Korem 041/Garuda Emas (Gamas), covers the area of Bengkulu Province
 Kodim 0407/Bengkulu City
 Kodim 0408/Bengkulu South
 Kodim 0409/Rejang Lebong
 Kodim 0423/Bengkulu North
 Kodim 0425/Seluma
 Kodim 0428/Mukomuko
 144th Infantry Battalion/Jaya Yudha
Korem 042/Garuda Putih (Gapu), covers the area of Jambi Province
 Kodim 0415/Batanghari
 Kodim 0416/Bungo Tebo
 Kodim 0417/Kerinci
 Kodim 0419/Tanjung Jabung
 Kodim 0420/Sarolangun Bangko
 142nd Special Raider Infantry Battalion/Satria Jaya
Korem 043/Garuda Hitam (Gatam), covers the area of Lampung Province
 Kodim 0410/Lampung City
 Kodim 0411/Central Lampung 
 Kodim 0412/Northern Lampung
 Kodim 0421/South Lampung
 Kodim 0422/Western Lampung 
 Kodim 0424/Tanggamus
 Kodim 0426/Tulang Bawang
 Kodim 0427/Way Kanan
 Kodim 0429/East Lampung
 143rd Special Raider Infantry Battalion/Triwira Eka Jaya

Korem 044/Garuda Dempo (Gapo), covers the area of South Sumatra Province
 Kodim 0401/Muba
 Kodim 0402/Oki
 Kodim 0403/Oku
 Kodim 0404/Muara Enim
 Kodim 0405/Lahat
 Kodim 0406/Musi Rawas
 Kodim 0418/Palembang
 Kodim 0430/Banyuasin
 141st Infantry Battalion/Aneka Yudha
Korem 045/Garuda Jaya (Gaya), covers the area of Bangka Belitung Islands Province
 Kodim 0413/Bangka Island
 Kodim 0414/Belitung Island
 Kodim 0431/Western Bangka

Training regiment 
The 2nd Regional Training Regiment (Resimen Induk Kodam II/Sirwijaya) serves as the training regiment for new recruits to the territorial command.

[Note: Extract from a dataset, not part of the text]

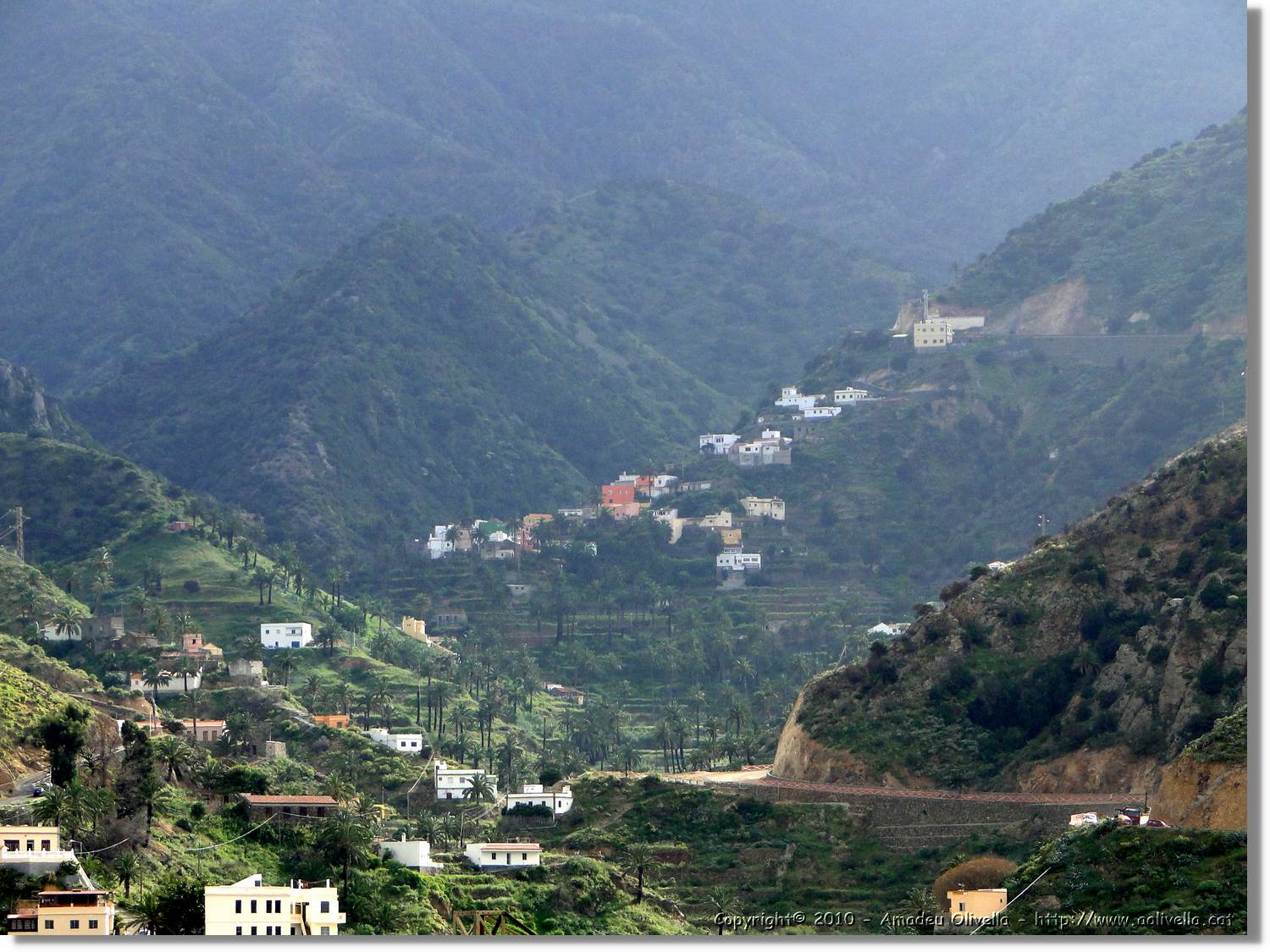 Gomera_200.jpg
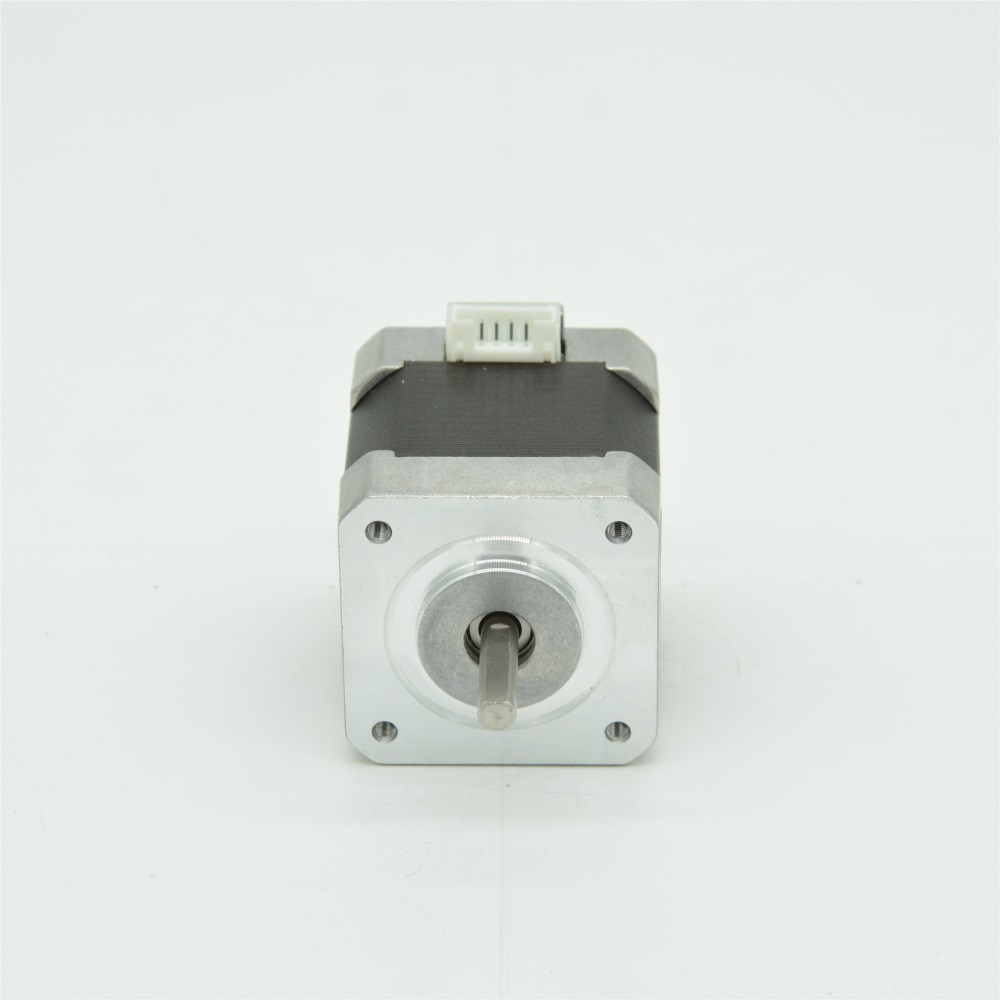 NEMA17 Stepper Motor 17HS3001-20B 40mm long Reprap 1.2A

It is organized as follows:

 Regiment HQ
 TC II/Sriwijaya NCO School
 Basic Combat Training Center
 National Defense Training Command 
 Specialist Training School 
 Enlisted Personnel Training Unit

Battalions
 8th Infantry Brigade/Garuda Cakti (flagged for activation)
 Brigade HQ
 145th Infantry Battalion (Batalyon Infanteri)
 146th Infantry Battalion
 200th Raider Infantry Battalion/Bhakti Negara
 5th Cavalry Squadron (Batalyon Kavaleri / Yonkav)/Serbu Dwipangga Ceta
 5th Armored Cavalry Troop/Graha Ceta Cakti
 2nd Combat Engineers Battalion (Batalyon Zeni Tempur / Yon Zipur)/Samara Grawira
 105th Field Artillery Battalion/Cailendra
 12th Air Defense Artillery Battalion/Satria Bhuana Prakasa
 14th Combat Engineers Detachment/Gana Bhadrika

Support units
 TC II/Sriwijaya Military Police Command (Pomdam II/Sriwjaya)
 TC II/Sriwijaya Public Relations Bureau (Pendam II/Sriwjaya)
 TC II/Sriwijaya Adjutant General's Office (Anjendam II/Sriwjaya)
 TC II/Sriwijaya Military Physical Fitness and Sports Bureau (Jasdam II/Sriwjaya)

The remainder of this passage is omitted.